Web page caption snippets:

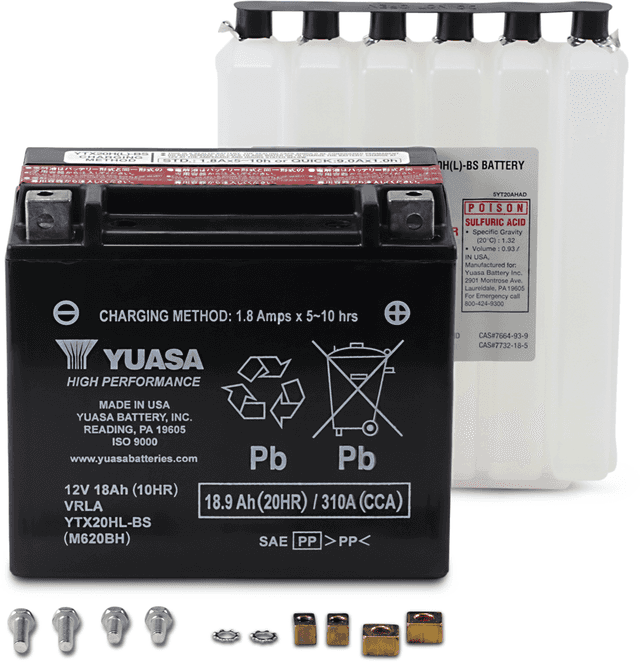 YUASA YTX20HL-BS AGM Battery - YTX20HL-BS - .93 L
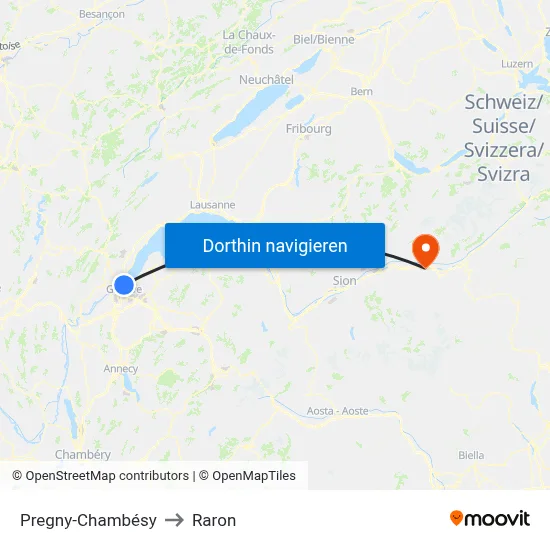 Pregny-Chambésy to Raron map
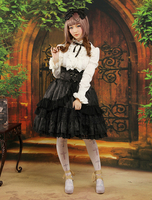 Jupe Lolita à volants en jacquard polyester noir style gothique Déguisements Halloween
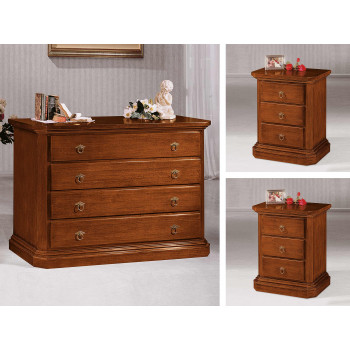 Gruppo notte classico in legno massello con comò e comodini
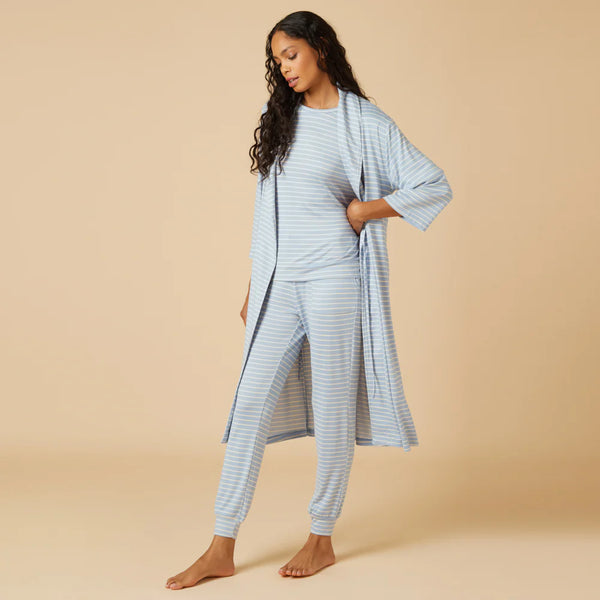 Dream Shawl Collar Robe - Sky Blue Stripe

Problem requirements = Reproduce, word for word, every line from the one that contains "Gruppo notte classico" to the end of the data, including both ends; omit all pictures.

Solution for this problem =
 Gruppo notte classico in legno massello con comò e comodini
 Dream Shawl Collar Robe - Sky Blue Stripe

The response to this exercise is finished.